まずは、“汚れ物”の買い出し。錫村さんの実演販売で欠かせないのが、汚れた換気扇や蛇口などの道具。何年も掃除していないような “リアルな汚れ物”を求めて、解体業者へ足を運ぶ。ただの廃材も、錫村さんにとっては宝物。この日も、全部で7kgにもなる廃材を購入した。続いて、実演販売の練習。本番のようにテーブルをセッティングし、何度も繰り返しリハーサルを行う錫村さん。なかでも、こだわるのは汚れが落ちていくときの“見せ方”。商品の良さがより伝わるように、試行錯誤を重ねていく。

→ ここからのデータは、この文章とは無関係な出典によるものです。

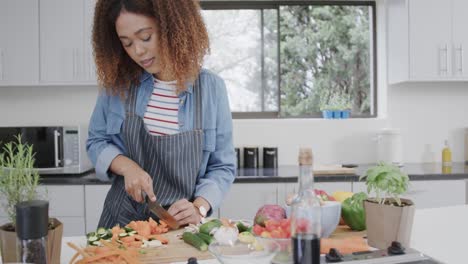 biracial woman wearing apron preparing meal, chopping vegetables in kitchen, slow motion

今回の実演販売で売る商品は、吹き付けるだけで簡単に汚れを落とすアルカリ性洗剤「超電水クリーン シュ!シュ!」と、エアコン専用ブラシ「ファンファン」。通常、実演販売士はメーカーやお店から頼まれた品物を売るが、錫村さんは自ら商品を開発し、それを実演して売っている。今回販売する「ファンファン」も錫村さんが手がけたもの。3年ほど前に発売し、累計24万本を売り上げた大ヒット商品だ。
「実演販売をしていると商品の欠点が見える。それが積み重なり、自分で作った方が早いと思って工場を探し始めた」
錫村さんが実演販売の世界に飛び込んだのは、24歳のとき。洗剤・掃除用品を扱うので「頑固な汚れにロックオン」から、名前をロックオン錫村にした。多くの実演販売士は、このような“販売士ネーム”と、購買意欲を刺激する“決め台詞”を持っているが、錫村さんは決め台詞を持っていない。
「決め台詞を言うと、ここで買わなきゃいけないっていう雰囲気が出てしまう。興味を持っていただいた方には買っていただきたい。帰りたい方は、気持ちよく帰っていただきたい」
そんな想いから、錫村さんは実演販売が終わった後にテーブルの下に潜る“しゃがみ落とし”という技を使っている。お客さんにプレッシャーを与えないように、あえて隙を作るのが狙いだ。
実演販売当日。開店時間の10時を過ぎても、錫村さんが実演販売を始める様子は一向に見られない。
「何時間でも待って確固たる腹のくくりがないと、目先の1個の販売を追ってしまう」
開店から1時間後。ようやく最初の実演販売がスタート。すると、あっという間に人が集まり出して商品が売れていく。途中でお客さんの流れが途切れることもあったが、その後も実演販売は大盛況。必殺技の“しゃがみ落とし”を使うと、商品を持ったお客さんが次々とレジへ。とっておきの汚れた換気扇を使うと、実演はさらに大盛り上がりを見せた。そして、午後5時。実演販売が終了。1日で「超電水クリーンシュ!シュ!」47個、「ファンファン」18個を売り上げた。満足いかない様子の錫村さんだが、お掃除用品ではこの場所での最高記録だ。溢れるほどの情熱を実演販売に注ぐ錫村さん。これからも、商品とお客さんとの出会いをドラマチックに演出していく。